Information also provides the basis for the evaluation and planning of health services. This is very explicitly recognised in the recent National Health Strategy: Quality and Fairness, A Health System for You. In the Strategy, information is highlighted as one of the six critical frameworks for change required for the successful implementation of the Strategy. The Strategy also sets out the establishment of a Health Information and Quality Authority to serve as the engine for change. A National Health Information Strategy is currently in the final stages of preparation and will clearly set out the information functions of this new agency.

In many respects, the Hospital In-Patient Enquiry provides an example of health information at its best. It is a system which has been progressively developed over the years and has become an indispensable source of information on acute hospital activity particularly during the past decade.

As most of you will know, HIPE collects a range of information on each patient stay in public acute hospitals in Ireland. It covers inpatients and day cases and includes clinical, administrative and demographic data.

From 1990, the Economic and Social Research Institute has been contracted to manage and develop the HIPE system, and since then, the number of hospitals included in the system has risen from 45 to 60 and the coverage of patient stays increased from just over 50% in 1990 to 95% in 1999. Over that period, data on close to 5 ½ million hospital discharges have been collected.
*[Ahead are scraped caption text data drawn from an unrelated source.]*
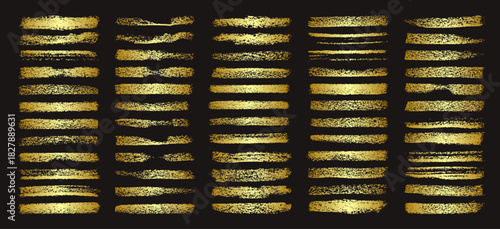 Golden brush strokes, lines, ink smudges, hand-drawn scribble shapes. Handmade sketchy marks, acrylic stains, charcoal streaks. Paint textures, dry brush effect. Marker underline. Vector illustration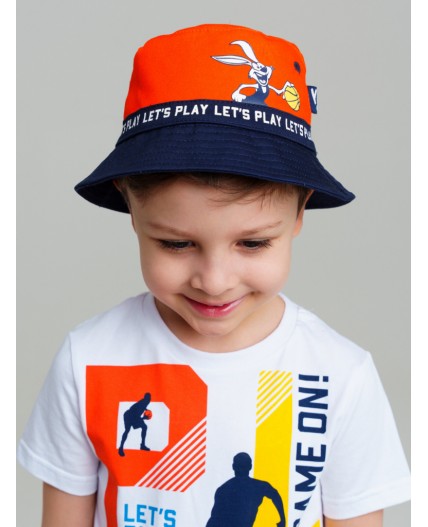 Панама текстильная для мальчиков оранжевый,тёмно-синий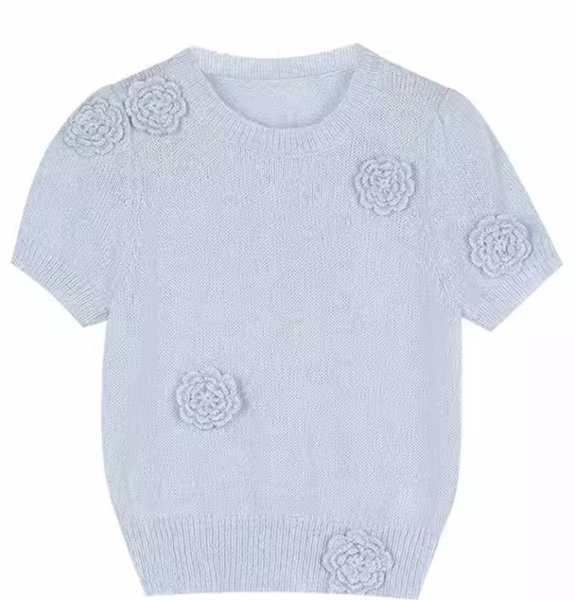 画像1: Women's sweet soft waxy three-dimensional flower round neck sweater　立体フラワーモチーフラウンドネック半袖セーター (1)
Considerable effort has been put into training the dedicated staff that input and code the data and without whom the system could never have achieved its current quality. Much work has also been done in streamlining the system through computerisation.

Setting out data over a ten year period as this Report does allows us to get a feel for some of the major changes in acute hospital activity over the period. Perhaps the most striking change is the huge rise in day case activity. There has been an almost 7-fold increase in the annual number of day cases recorded in HIPE since 1990. But given the increased coverage of HIPE over the period, a more accurate reflection of the change is that by 1999 about a third of all hospital discharges were day cases compared with just 13% in 1990.

Indeed, since 1999, there has been an acceleration of this trend. Nearly 40% of hospital treatment is now carried out on a day case basis, and this figure rises to 50% for the major acute hospitals.

There has also been a very marked decrease in the average length of stay of inpatients of some 9% over the period covered by this report. Strikingly, this decrease has been accompanied by a very significant increase in the proportion of patients on whom a procedure was performed (52% in 1990, 75% in 1999) and also in the average number of procedures per patient (1.3 in 1990, 1.6 in 1999). Taken together these trends show an acute hospital sector applying the benefits of advanced methods to expand day treatment, carry out more procedures and reduce the length of stay for inpatients.

While these figures show a hospital system that is highly efficient in the intensive use of capacity, there is an acknowledgement by Government that more acute beds and back up support in “step down” and community nursing units should be provided to ensure that patients get ready access to appropriate facilities.

In fact, HIPE data provided the principal data source for the recent in-depth analysis of bed capacity and the requirements for hospital beds now and into the future. Current usage taken together with age-based and other projections, allowed us to arrive at an objective estimate of an additional 3,000 beds required for the sector by 2011 of which 700 will be provided this year.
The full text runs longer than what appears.